● **What you have to do**
Could you output exactly the lines running from the one containing "Cotton Short Length" to the final line of the listing below, leaving out pictures?

● **Material to process**
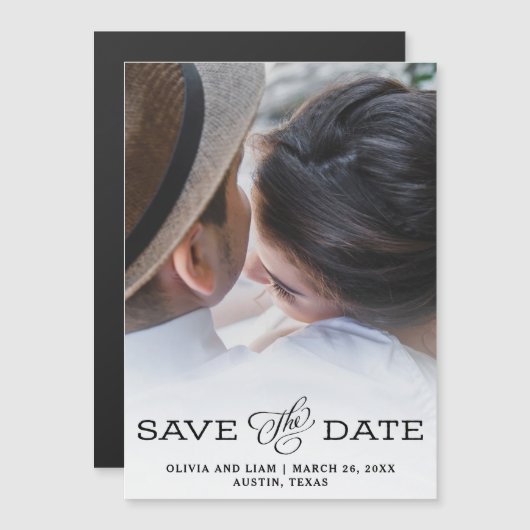 シンプルヴィンテージ|日付を保存する写真 マグネット招待状 (正面/裏面)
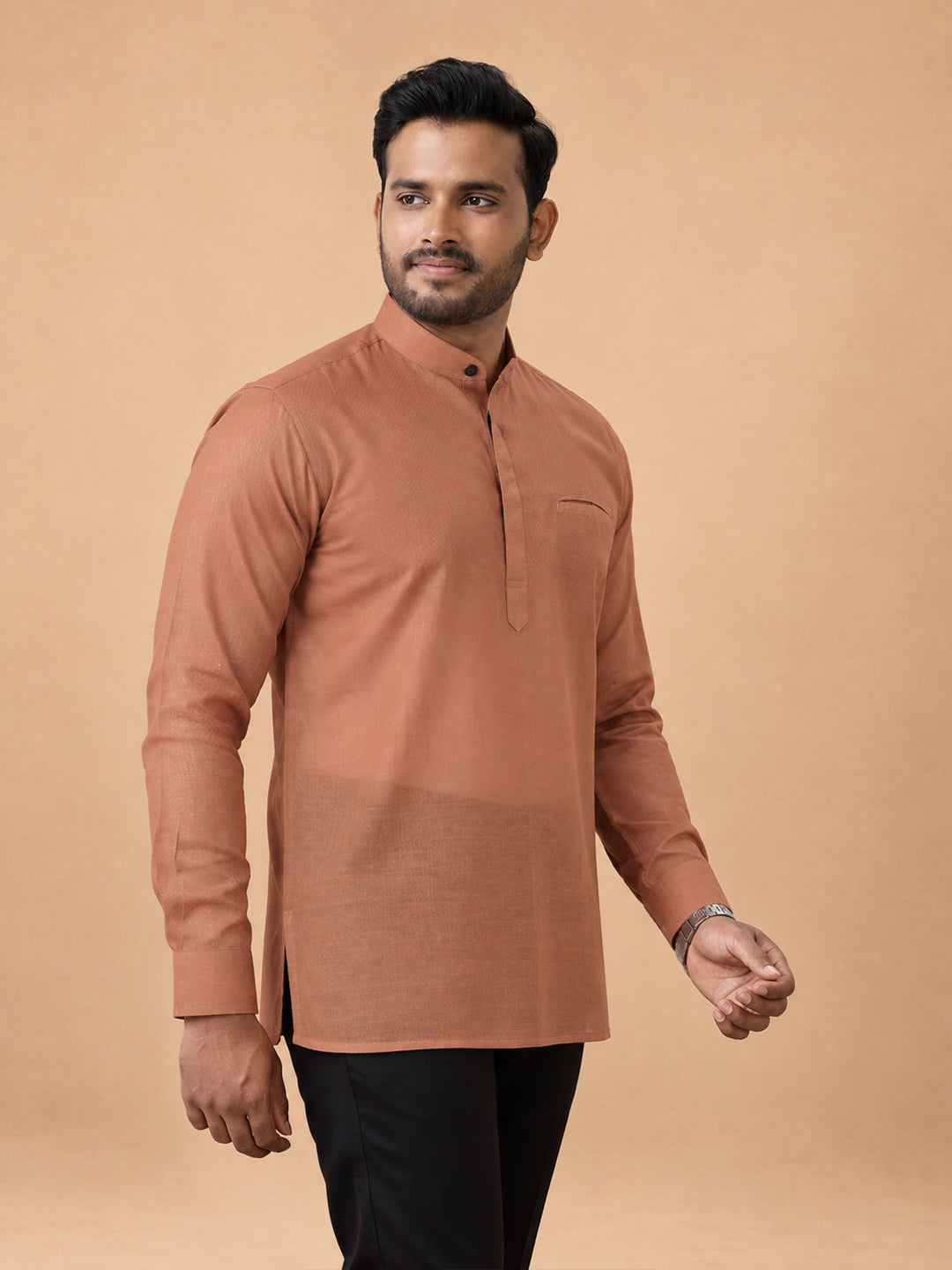 Cotton Short Length Self Design Pocket Kurta Peach Saffron RJ43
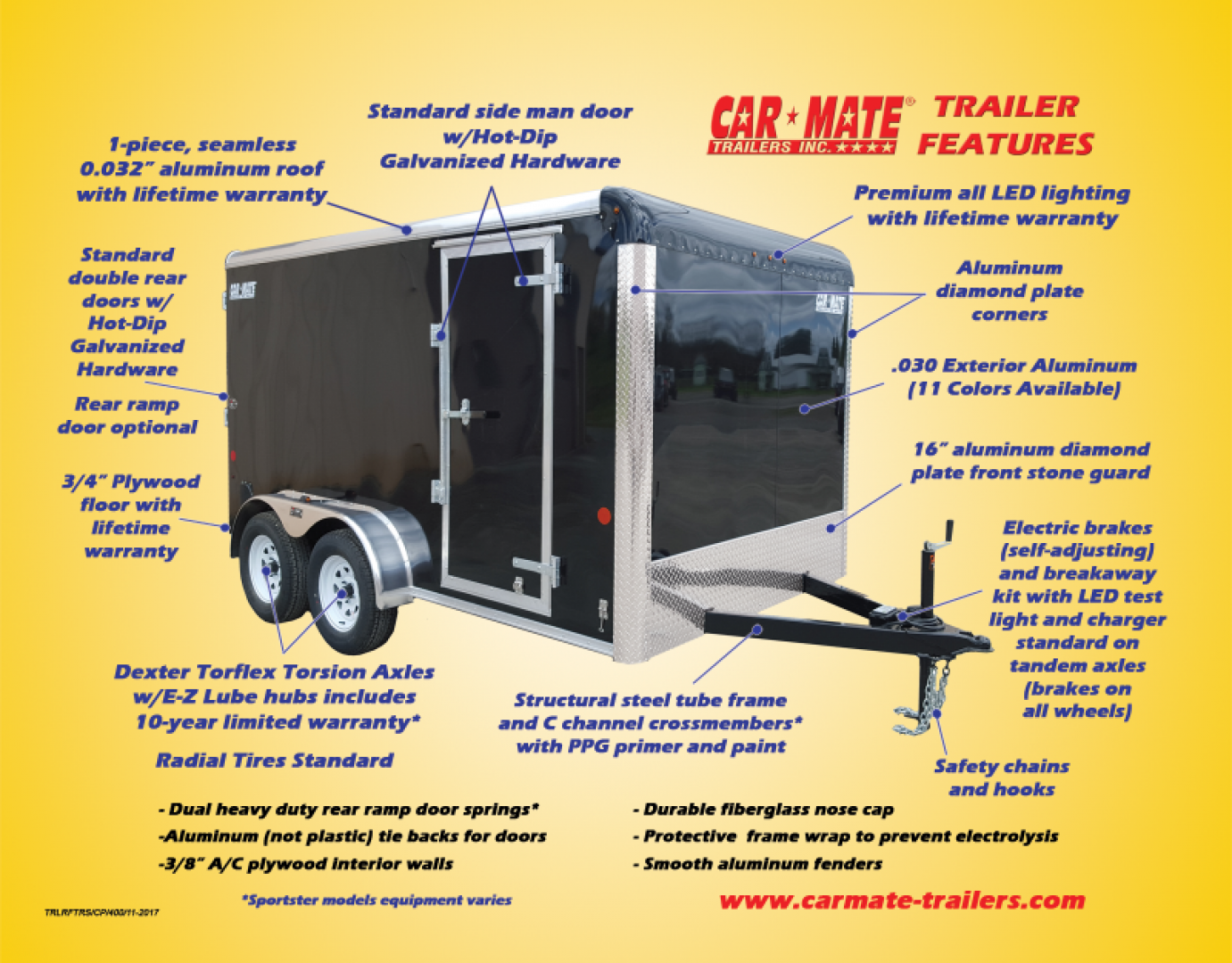 New 4 x 8.5 Car-Mate Custom Cargo Trailer, 2k GVWR **Silver w/12v Int. Light & Black Spoke Wheels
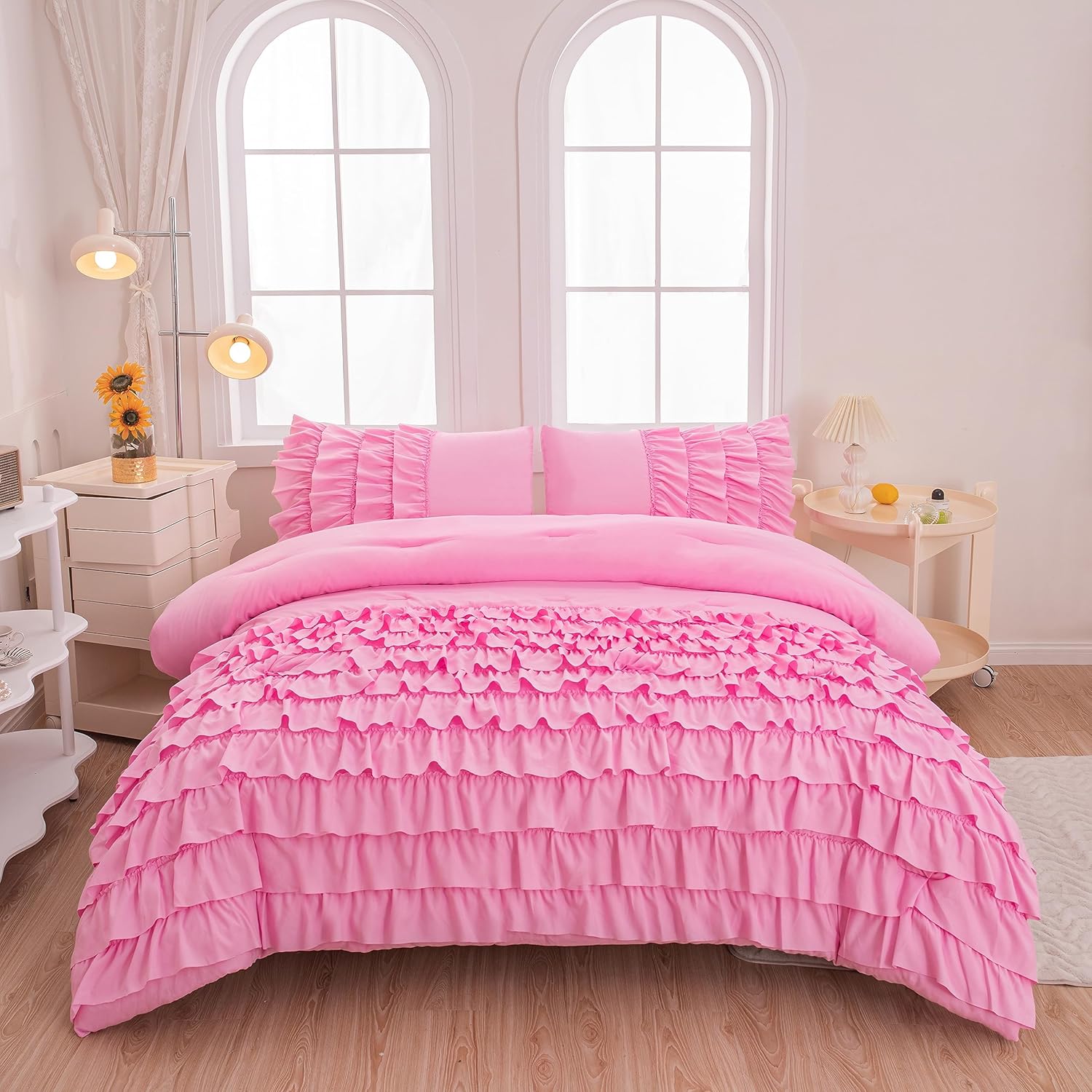 MWMWMW Pink Princess Comforter Set for Girls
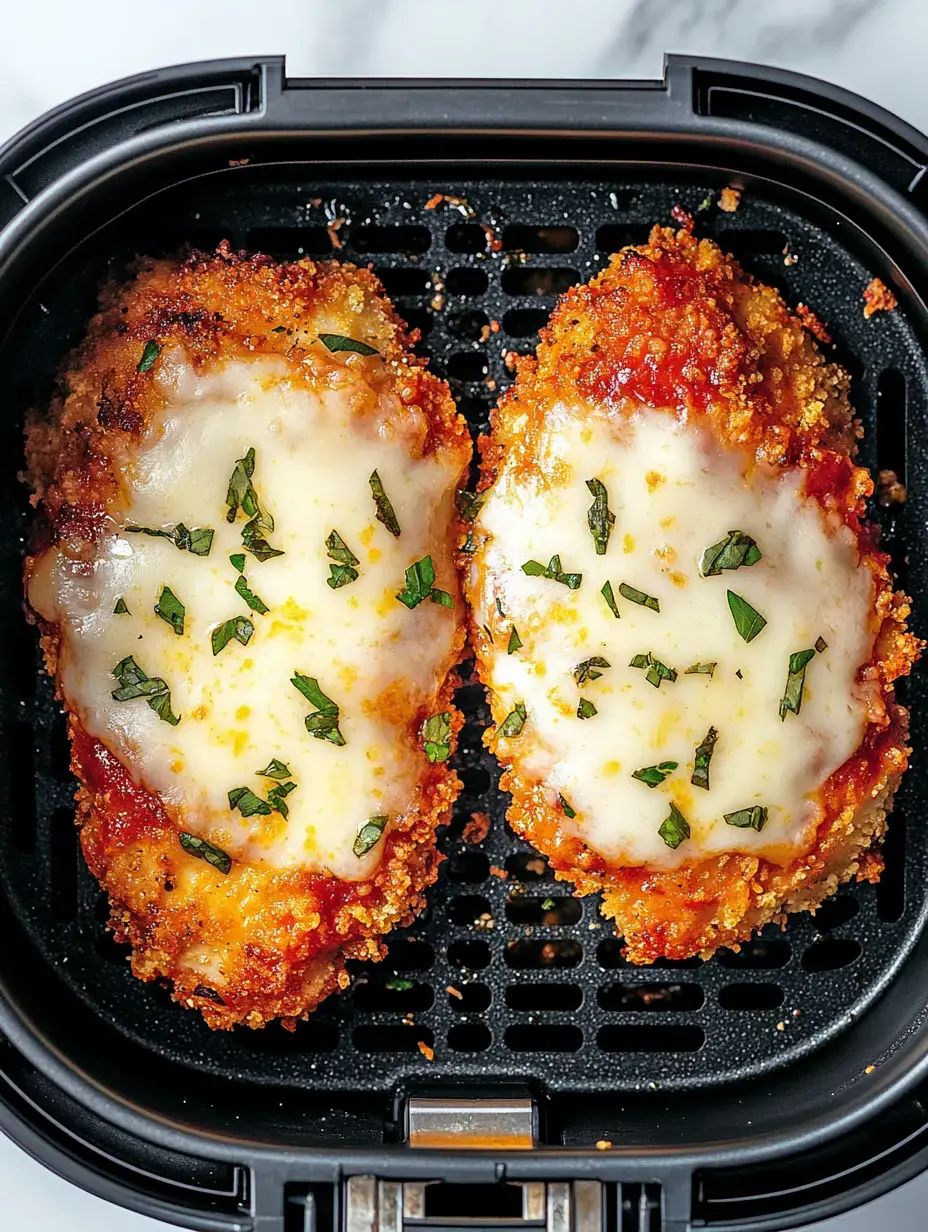 Two crispy chicken breasts topped with melted cheese and chopped basil in an air fryer basket.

● **Solution**
 Cotton Short Length Self Design Pocket Kurta Peach Saffron RJ43
 New 4 x 8.5 Car-Mate Custom Cargo Trailer, 2k GVWR **Silver w/12v Int. Light & Black Spoke Wheels
 MWMWMW Pink Princess Comforter Set for Girls
 Two crispy chicken breasts topped with melted cheese and chopped basil in an air fryer basket.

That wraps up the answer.